Through a beige haze we are diving head first from the blue sky towards that place on earth that is like no other. Leaving a little over one year ago, not knowing when to return. The wedding of my Indian sister brings me back to Delhi. This time my bag arrived with me, getting my out of the airport in less than 30 min. Funnily enough I was faced by the same, or an equally funny guy at immigration when going through customs. Again I was hailed to the diplomats only queue and greeted with the biggest smile and a ‘very good morning to you too madam’. ‘You work for Vodafone? Then please tell me the best scheme for me and my family’. ‘Why you don’t know? You work for Vodafone and you don’t know about the best deals?’. Even with this disappointment I got a smile and a welcome to India.
One of my friends picked me up, having slept only a few hours after an exhausting Holi festival, with the pink paint still stuck in his ear. During that drive through the streets of Delhi he explained that almost everything as I knew it had changed. The home I used to live in, the office, the people. Yes, that is Delhi, changing swiftly to keep up with the immer growing and booming India.
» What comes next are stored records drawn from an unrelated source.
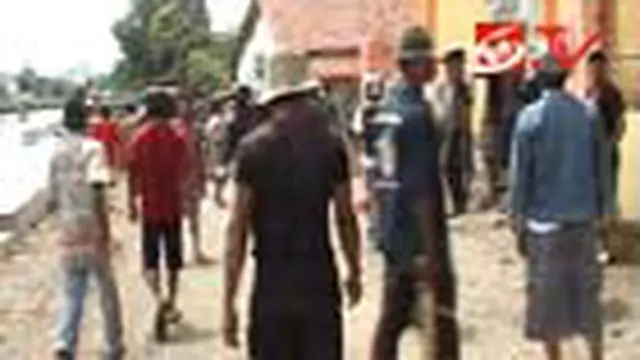 Dua Desa di Brebes Kembali Bersitegang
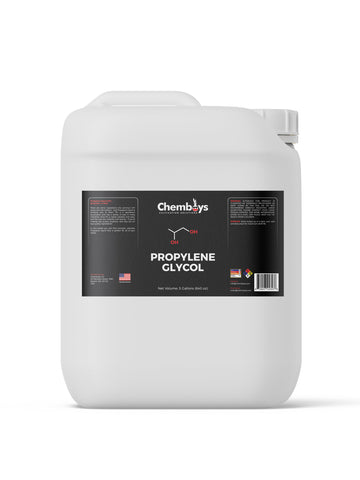 Chemboys - Propylene Glycol 5 Gallon
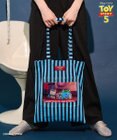 AMERICAN HOLIC 【TOY STORY 5】ストライプパイルトートBAG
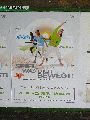 Plakate-Werbung-Kunst auf Papier und Ähnliches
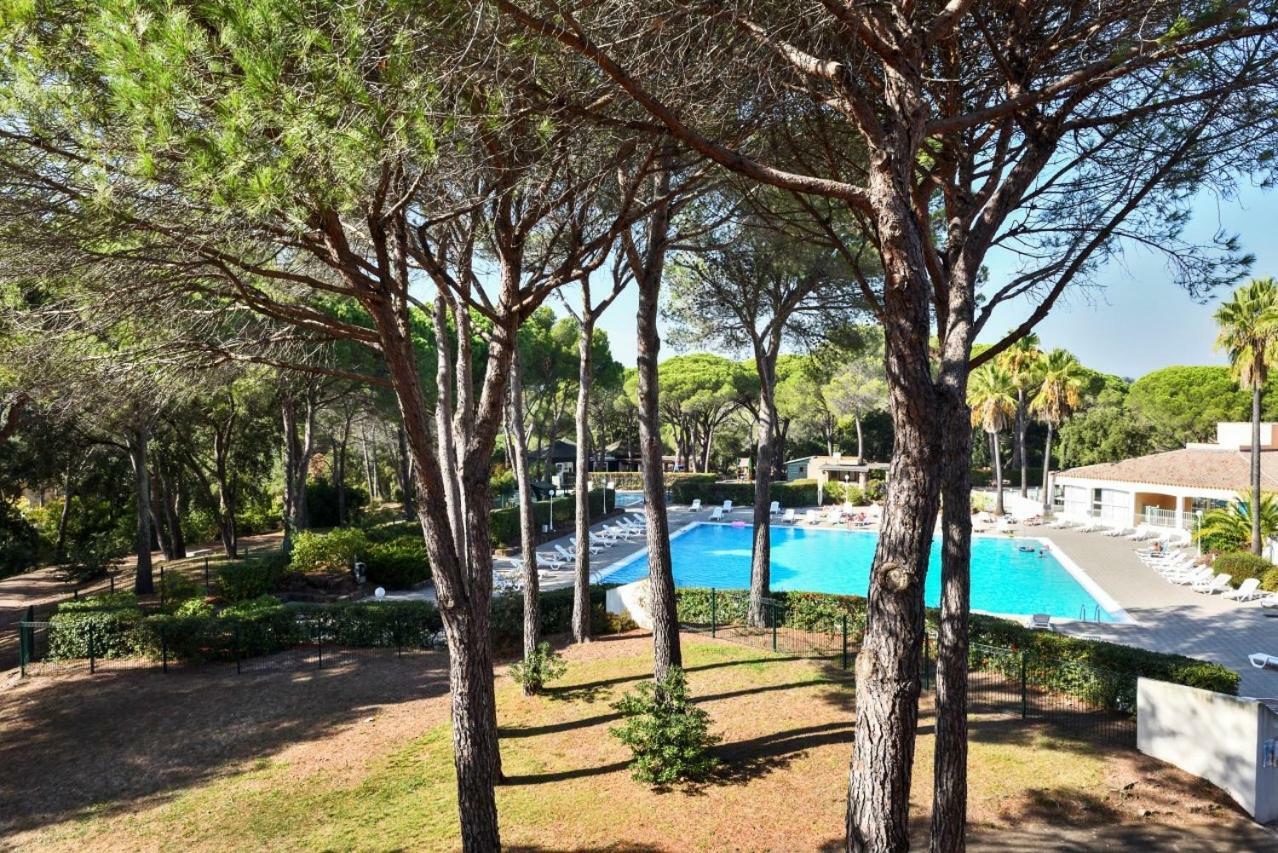 Residences Du Golf Saint-Raphaël Dış mekan fotoğraf
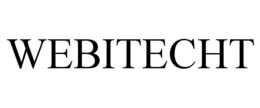 WEBITECHT trademark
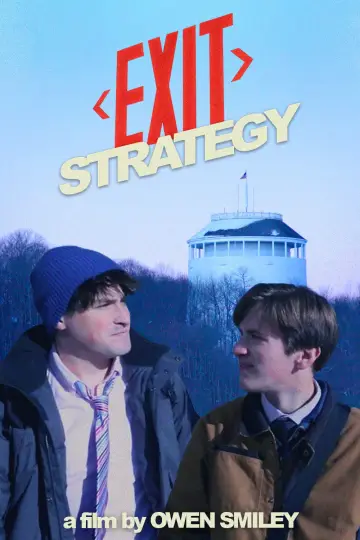 Постер к фильму "Exit Strategy" #778822
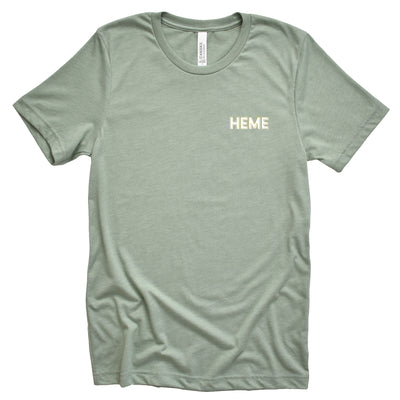 Heme Creds - Shirt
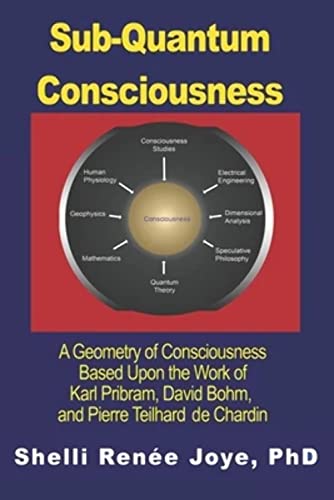 Sub-Quantum Consciousness: A Geometry of Consciousness Based Upon the Work of Karl Pribram, David Bohm, and Pierre Teilhard De Chardin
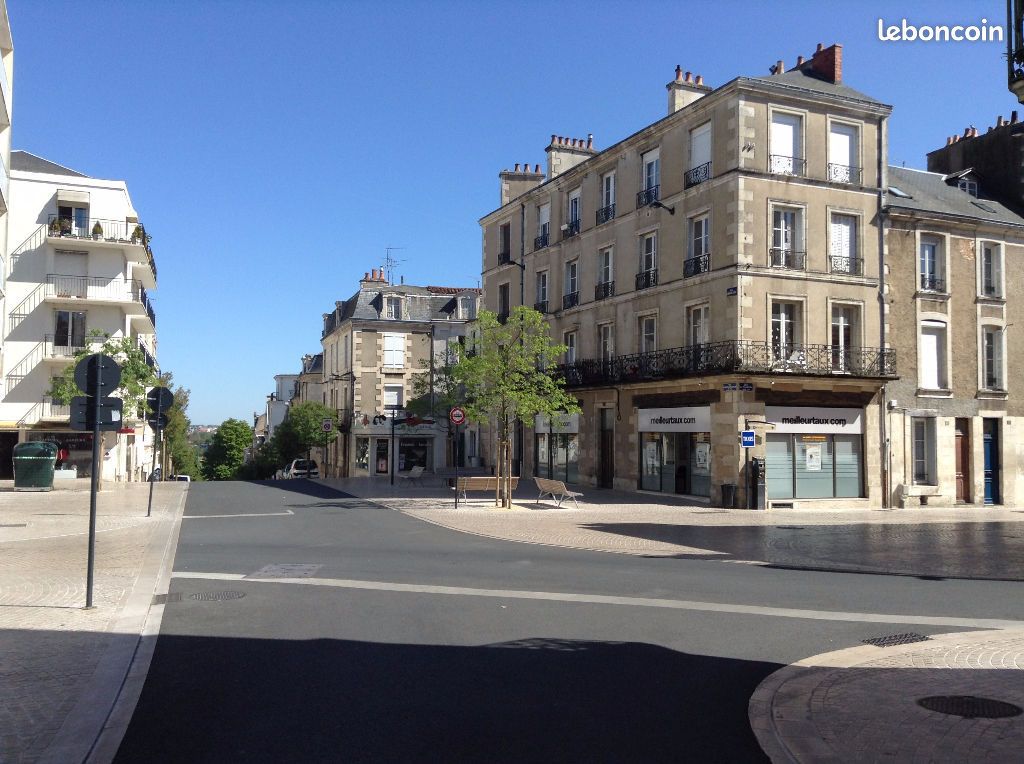 Appartement 2 pièces 31 m² - Poitiers 86000 (image principale 9)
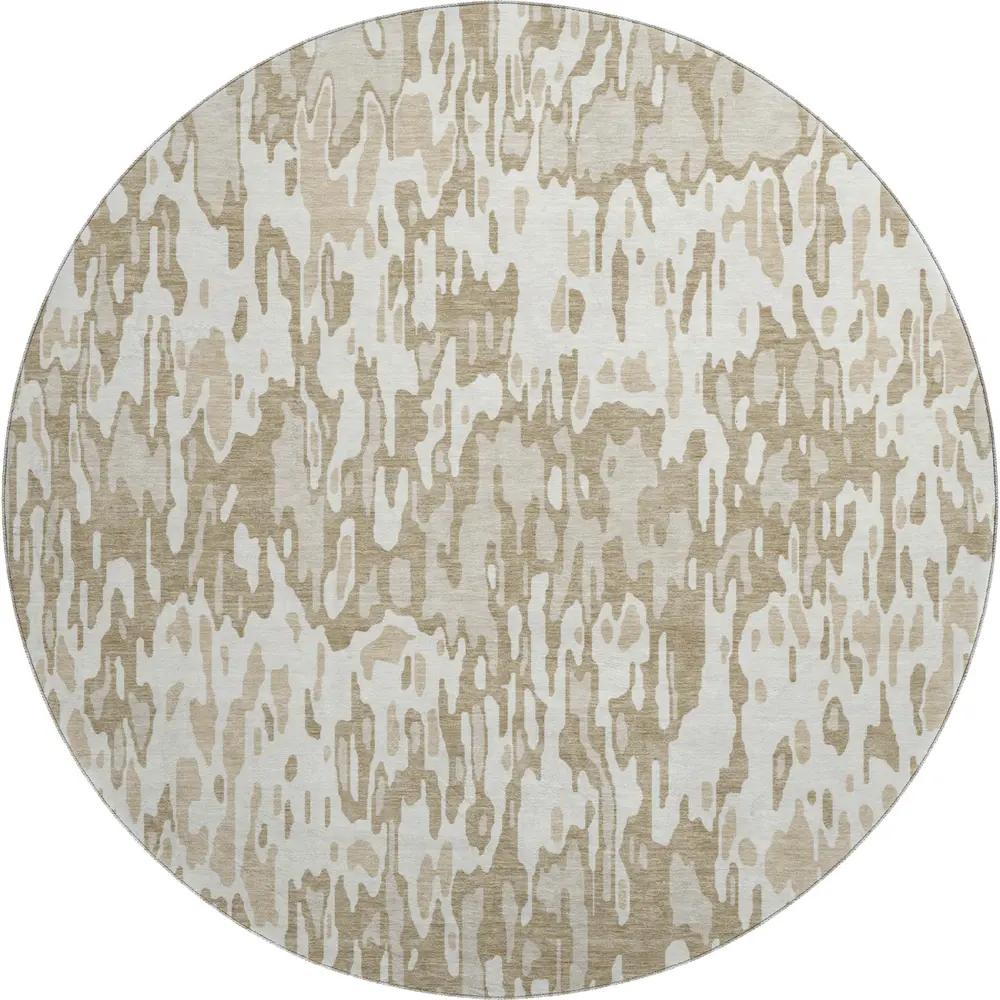 Mayfield AMF986 Ivory 8' x 8' Rug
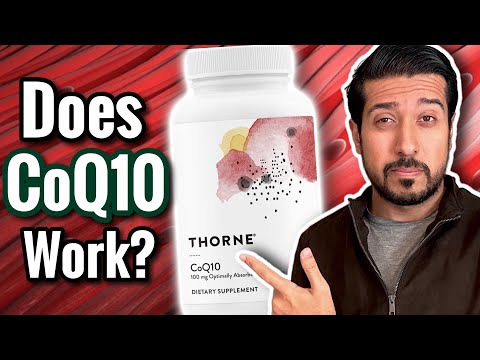 CoQ10 Benefits You Never Heard of | Is CoQ10 Worth Taking?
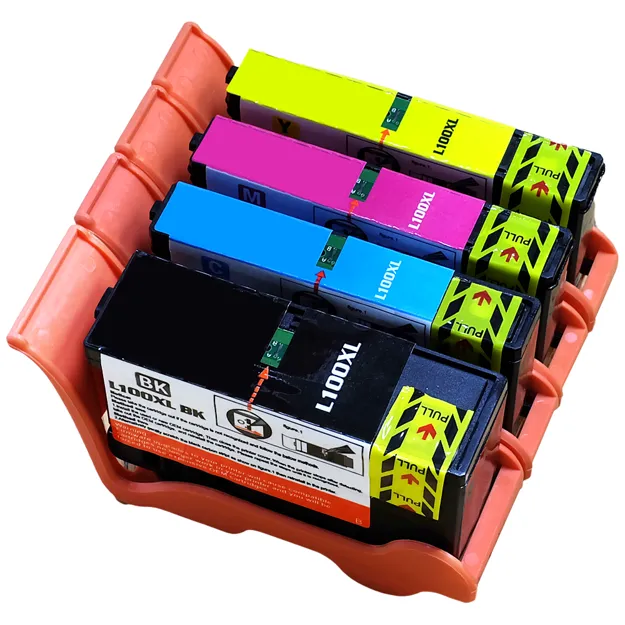 Compatible 100XL Multipack Ink Cartridges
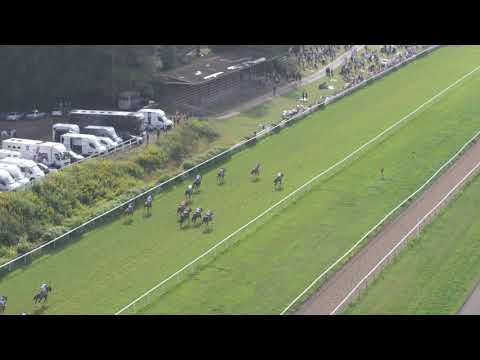 The Macallan Dansk Derby 2019 set fra oven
But I didn’t come for Delhi. I came for a wedding. An extravagant, big, fat, Indian wedding. And although I had my share of Indian weddings over the years, it has never been the wedding of my Indian sister. That person in this world who made me feel at home in India, who would cheer me up, laugh with me, and join me for crazy party nights. So when she announced she would have her wedding in March, I booked a ticket and prepared for a week of events which was impossible to prepare for. As for all Indians the collection of events would be logical, and provide enough backdrop for attire choices, I had absolutely no clue. Luckily Indians always say it will be arranged, so I was not too much worried when the full agenda of events was shared. And I was accepting that at least once this week I would be that ‘stupid foreigner’ who doesn’t get it.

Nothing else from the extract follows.